Autor pisze: "wydaje mi się, że trzeba mieć raka, ciężko chore serce albo głowę, żeby tu żyć. Nie mieć naprawdę nic do stracenia albo innego wyjścia, żeby osiedlić się na biegunie okrucieństwa. Tak ludzie mówią i piszą o Kołymie. Innym razem mówią o koszmarze dwudziestego wieku, najstraszniejszej, przeklętej albo najdalszej wyspie Archipelagu Gułag, jego lutym biegunie, ruskiej Golgocie, białym krematorium, arktycznym piekle, mroźnym koncłagrze bez pieców, czy też, nie przymierzając, machinie do przemysłowego mielenia mięsa i kruszenia kości…”

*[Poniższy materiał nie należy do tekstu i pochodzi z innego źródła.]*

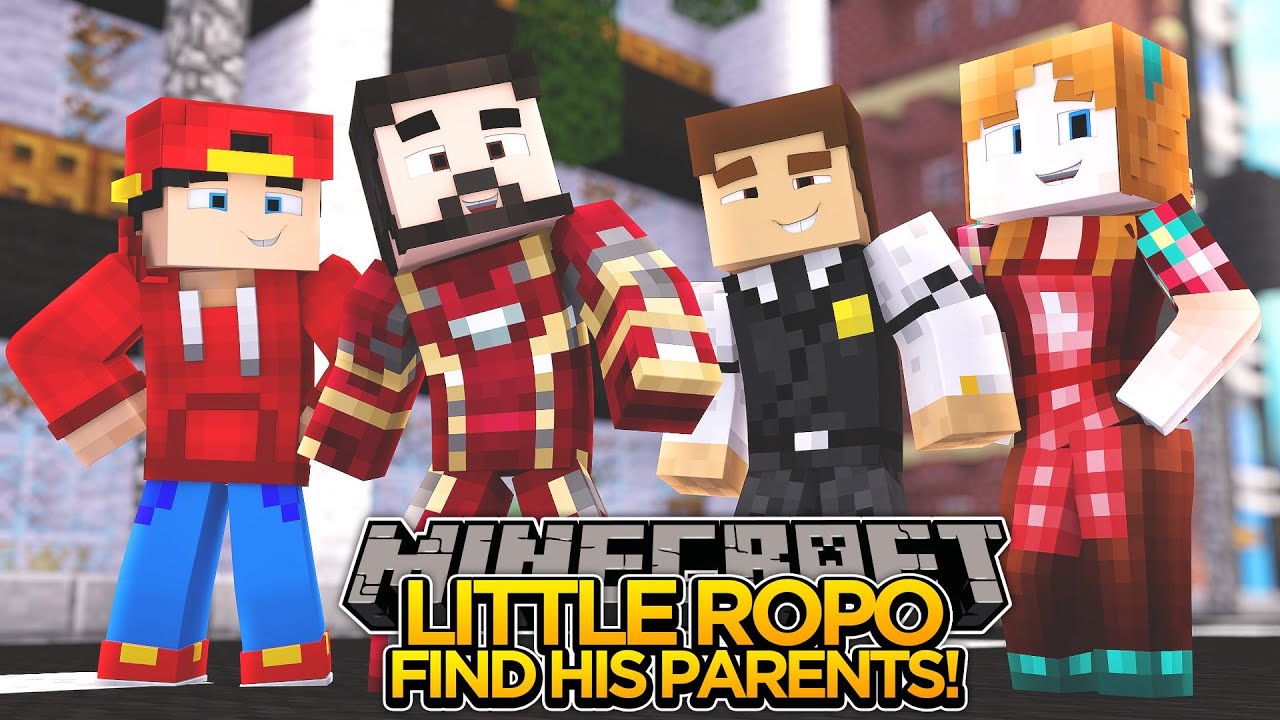 Minecraft Adventure - LITTLE ROPO FINDS HIS PARENTS!!!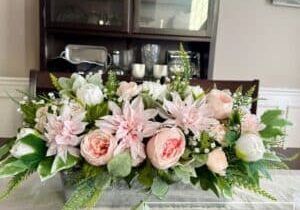 Everbloom - Light Pink Spring Table Arrangement
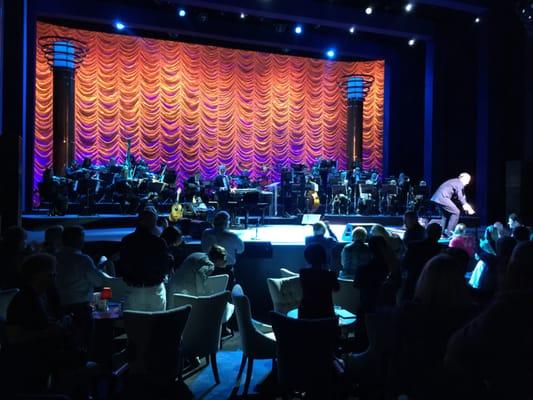 Shaking hand with audience members after the show.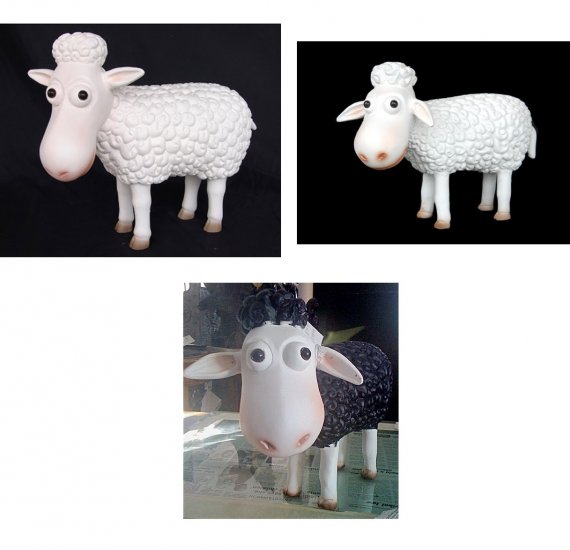 Funny Sheep 1 Ft. (Ears up or Down) - Click Image to Close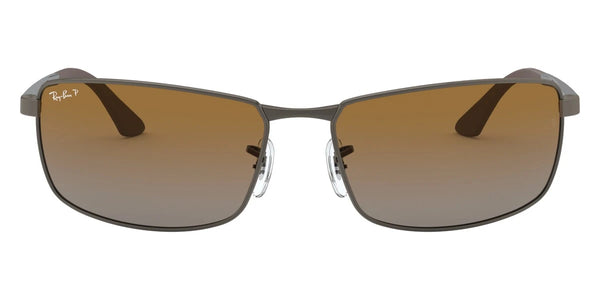 Matte Gunmetal / Gray Gradient Brown Polarized / 61-17-135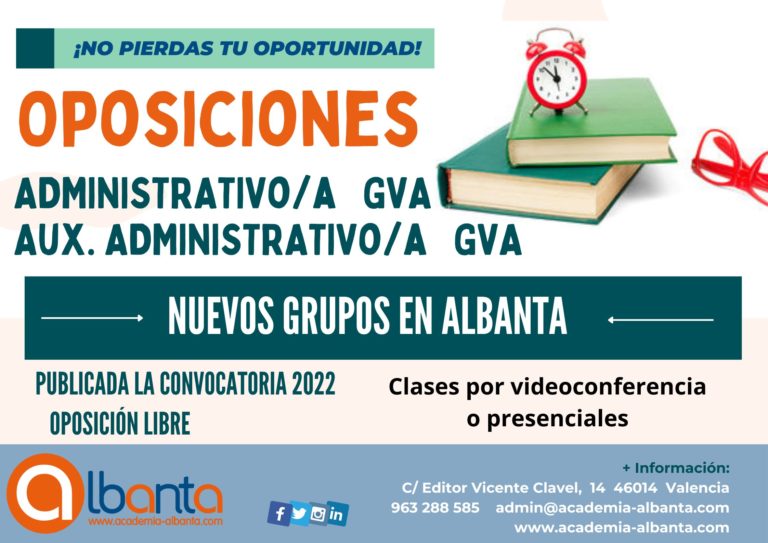 Publicadas las convocatorias de las categorías de Auxiliar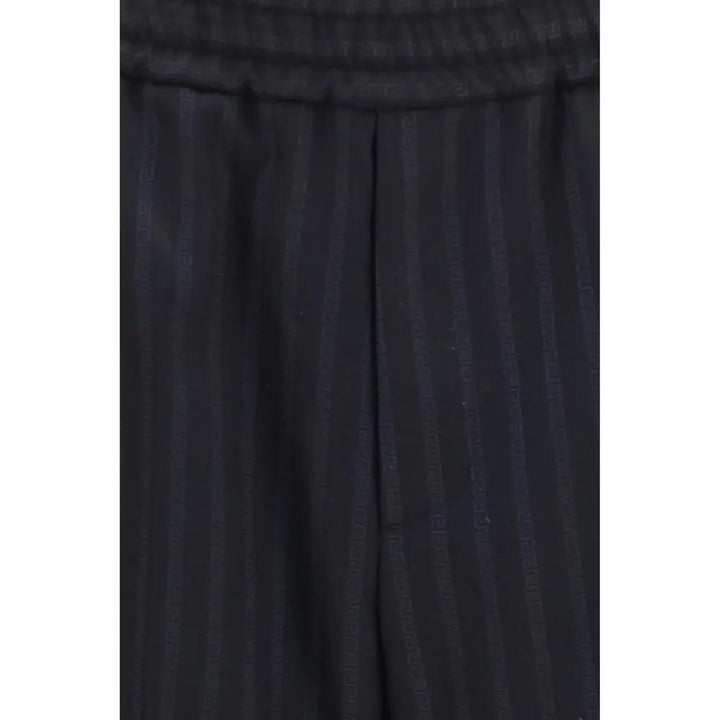 Versace Sample Sale | Versace Black Wool Oves Aries Dress Pants - | Designer outlet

Hugo Bader wyrusza s drogę. Przemierza trakt autostopem, zatrzymując się w miastach, wsiach, często już bezludnych. Opowiada ich historie, pisze o wydarzeniach, odmalowuje miejsca.
Kołyma to kraj ludzi szalonych, niezwykłych, dzikich i uczynnych, serdecznych i bezwzględnych. Byłych więźniów i obozowych kapusi, mafiosów i uczciwych nieboraków, którzy albo nie mają siły, albo środków, żeby stamtąd wyjechać. Za każdym wlecze się jakaś przeszłość, ale nie każdy chce odmiany swojego losu.
Poszukiwacz złota, przez trzy dni przepija swój wielomiesięczny zarobek. Właściciel kopalni złota ma aspiracje, by wszystkim pokazać kim jest i kto tu rządzi. Jest też córka sowieckiego kata, gorliwego wykonawcy rozkazów Stalina. Jest człowiek, który zgarnia spychaczem ciała z terenów złotonośnych. To zaledwie kilku niezwykłych bohaterów reportażu. Bo jednocześnie Kołyma to kraj niezwykły, magiczny, naznaczony.
Ten reportaż trzeba koniecznie przeczytać.